◆ **Supplied material**
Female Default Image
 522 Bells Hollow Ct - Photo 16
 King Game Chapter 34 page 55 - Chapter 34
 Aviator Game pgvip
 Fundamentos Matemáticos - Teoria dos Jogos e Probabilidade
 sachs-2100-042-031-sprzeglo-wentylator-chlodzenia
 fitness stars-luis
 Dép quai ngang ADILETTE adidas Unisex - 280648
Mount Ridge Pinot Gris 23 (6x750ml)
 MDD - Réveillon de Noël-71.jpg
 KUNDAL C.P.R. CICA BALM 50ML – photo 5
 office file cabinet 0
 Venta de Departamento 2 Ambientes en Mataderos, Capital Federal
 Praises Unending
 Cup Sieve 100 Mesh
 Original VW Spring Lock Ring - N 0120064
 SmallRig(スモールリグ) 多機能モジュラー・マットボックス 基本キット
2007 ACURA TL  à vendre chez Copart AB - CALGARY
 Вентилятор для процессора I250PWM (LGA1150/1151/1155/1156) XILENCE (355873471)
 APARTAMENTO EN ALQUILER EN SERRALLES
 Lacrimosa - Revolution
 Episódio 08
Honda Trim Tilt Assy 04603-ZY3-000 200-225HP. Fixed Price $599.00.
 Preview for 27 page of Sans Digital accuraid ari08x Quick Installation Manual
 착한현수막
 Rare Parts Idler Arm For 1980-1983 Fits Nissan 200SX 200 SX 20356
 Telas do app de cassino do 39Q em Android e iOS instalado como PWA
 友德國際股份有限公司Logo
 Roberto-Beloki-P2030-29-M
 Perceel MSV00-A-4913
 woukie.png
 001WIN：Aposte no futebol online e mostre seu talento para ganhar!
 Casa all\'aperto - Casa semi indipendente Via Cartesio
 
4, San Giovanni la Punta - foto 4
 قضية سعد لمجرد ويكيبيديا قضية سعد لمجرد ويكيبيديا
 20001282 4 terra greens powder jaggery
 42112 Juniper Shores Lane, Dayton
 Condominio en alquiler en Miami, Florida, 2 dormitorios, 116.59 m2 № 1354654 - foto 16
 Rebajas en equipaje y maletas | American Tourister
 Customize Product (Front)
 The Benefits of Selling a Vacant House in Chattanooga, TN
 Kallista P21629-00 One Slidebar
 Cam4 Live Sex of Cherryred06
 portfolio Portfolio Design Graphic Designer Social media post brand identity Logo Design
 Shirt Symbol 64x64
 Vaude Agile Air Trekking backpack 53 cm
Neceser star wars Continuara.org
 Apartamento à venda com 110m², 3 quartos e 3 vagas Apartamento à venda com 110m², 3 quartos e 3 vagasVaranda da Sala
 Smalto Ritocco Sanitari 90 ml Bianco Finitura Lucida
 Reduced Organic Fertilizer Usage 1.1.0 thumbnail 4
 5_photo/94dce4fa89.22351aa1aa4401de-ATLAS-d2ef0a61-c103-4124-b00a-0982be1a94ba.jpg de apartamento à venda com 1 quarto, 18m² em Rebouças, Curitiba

◆ **Try it**
In the listing above, find the line containing "Aviator Game pgvip" and the line containing "Vaude Agile Air Trekking backpack 53 cm", then repeat those two lines and everything between them exactly.

◆ **Written response**
 Aviator Game pgvip
 Fundamentos Matemáticos - Teoria dos Jogos e Probabilidade
 sachs-2100-042-031-sprzeglo-wentylator-chlodzenia
 fitness stars-luis
 Dép quai ngang ADILETTE adidas Unisex - 280648
Mount Ridge Pinot Gris 23 (6x750ml)
 MDD - Réveillon de Noël-71.jpg
 KUNDAL C.P.R. CICA BALM 50ML – photo 5
 office file cabinet 0
 Venta de Departamento 2 Ambientes en Mataderos, Capital Federal
 Praises Unending
 Cup Sieve 100 Mesh
 Original VW Spring Lock Ring - N 0120064
 SmallRig(スモールリグ) 多機能モジュラー・マットボックス 基本キット
2007 ACURA TL  à vendre chez Copart AB - CALGARY
 Вентилятор для процессора I250PWM (LGA1150/1151/1155/1156) XILENCE (355873471)
 APARTAMENTO EN ALQUILER EN SERRALLES
 Lacrimosa - Revolution
 Episódio 08
Honda Trim Tilt Assy 04603-ZY3-000 200-225HP. Fixed Price $599.00.
 Preview for 27 page of Sans Digital accuraid ari08x Quick Installation Manual
 착한현수막
 Rare Parts Idler Arm For 1980-1983 Fits Nissan 200SX 200 SX 20356
 Telas do app de cassino do 39Q em Android e iOS instalado como PWA
 友德國際股份有限公司Logo
 Roberto-Beloki-P2030-29-M
 Perceel MSV00-A-4913
 woukie.png
 001WIN：Aposte no futebol online e mostre seu talento para ganhar!
 Casa all\'aperto - Casa semi indipendente Via Cartesio
 
4, San Giovanni la Punta - foto 4
 قضية سعد لمجرد ويكيبيديا قضية سعد لمجرد ويكيبيديا
 20001282 4 terra greens powder jaggery
 42112 Juniper Shores Lane, Dayton
 Condominio en alquiler en Miami, Florida, 2 dormitorios, 116.59 m2 № 1354654 - foto 16
 Rebajas en equipaje y maletas | American Tourister
 Customize Product (Front)
 The Benefits of Selling a Vacant House in Chattanooga, TN
 Kallista P21629-00 One Slidebar
 Cam4 Live Sex of Cherryred06
 portfolio Portfolio Design Graphic Designer Social media post brand identity Logo Design
 Shirt Symbol 64x64
 Vaude Agile Air Trekking backpack 53 cm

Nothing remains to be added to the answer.